## [Required action]
Below are the entries; give again exactly the lines from the one mentioning "Women’s Press-On Nail" through the one mentioning "Djúpivogur - Kunst am Abfalleimer 😂", inclusive.

## [Given entries]
----

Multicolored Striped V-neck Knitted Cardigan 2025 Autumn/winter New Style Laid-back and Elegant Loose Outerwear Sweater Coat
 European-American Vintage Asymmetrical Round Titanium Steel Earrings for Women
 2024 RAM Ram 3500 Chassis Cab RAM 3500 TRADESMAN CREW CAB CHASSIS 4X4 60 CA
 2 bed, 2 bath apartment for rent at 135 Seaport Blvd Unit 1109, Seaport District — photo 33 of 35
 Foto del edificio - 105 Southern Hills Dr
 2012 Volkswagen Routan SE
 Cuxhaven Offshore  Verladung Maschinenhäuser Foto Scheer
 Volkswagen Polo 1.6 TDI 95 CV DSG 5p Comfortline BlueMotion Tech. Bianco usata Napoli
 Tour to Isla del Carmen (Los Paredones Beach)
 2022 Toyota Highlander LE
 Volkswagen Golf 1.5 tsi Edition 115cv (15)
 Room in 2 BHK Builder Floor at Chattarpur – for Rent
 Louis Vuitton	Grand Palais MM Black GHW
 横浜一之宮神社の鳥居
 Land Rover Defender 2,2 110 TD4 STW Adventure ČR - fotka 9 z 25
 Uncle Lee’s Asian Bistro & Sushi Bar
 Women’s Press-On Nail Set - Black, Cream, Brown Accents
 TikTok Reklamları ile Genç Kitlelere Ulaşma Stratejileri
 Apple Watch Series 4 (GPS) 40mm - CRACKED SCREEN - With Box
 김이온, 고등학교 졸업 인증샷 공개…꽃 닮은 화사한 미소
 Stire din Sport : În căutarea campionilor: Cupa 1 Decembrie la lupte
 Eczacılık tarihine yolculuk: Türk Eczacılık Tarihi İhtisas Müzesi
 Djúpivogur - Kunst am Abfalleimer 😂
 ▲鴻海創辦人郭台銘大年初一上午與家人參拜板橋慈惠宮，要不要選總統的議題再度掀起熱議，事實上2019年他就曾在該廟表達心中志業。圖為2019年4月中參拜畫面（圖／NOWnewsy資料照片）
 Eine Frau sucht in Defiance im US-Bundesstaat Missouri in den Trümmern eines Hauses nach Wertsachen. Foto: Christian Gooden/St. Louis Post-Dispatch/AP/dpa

----

## [Exercise solution]
 Women’s Press-On Nail Set - Black, Cream, Brown Accents
 TikTok Reklamları ile Genç Kitlelere Ulaşma Stratejileri
 Apple Watch Series 4 (GPS) 40mm - CRACKED SCREEN - With Box
 김이온, 고등학교 졸업 인증샷 공개…꽃 닮은 화사한 미소
 Stire din Sport : În căutarea campionilor: Cupa 1 Decembrie la lupte
 Eczacılık tarihine yolculuk: Türk Eczacılık Tarihi İhtisas Müzesi
 Djúpivogur - Kunst am Abfalleimer 😂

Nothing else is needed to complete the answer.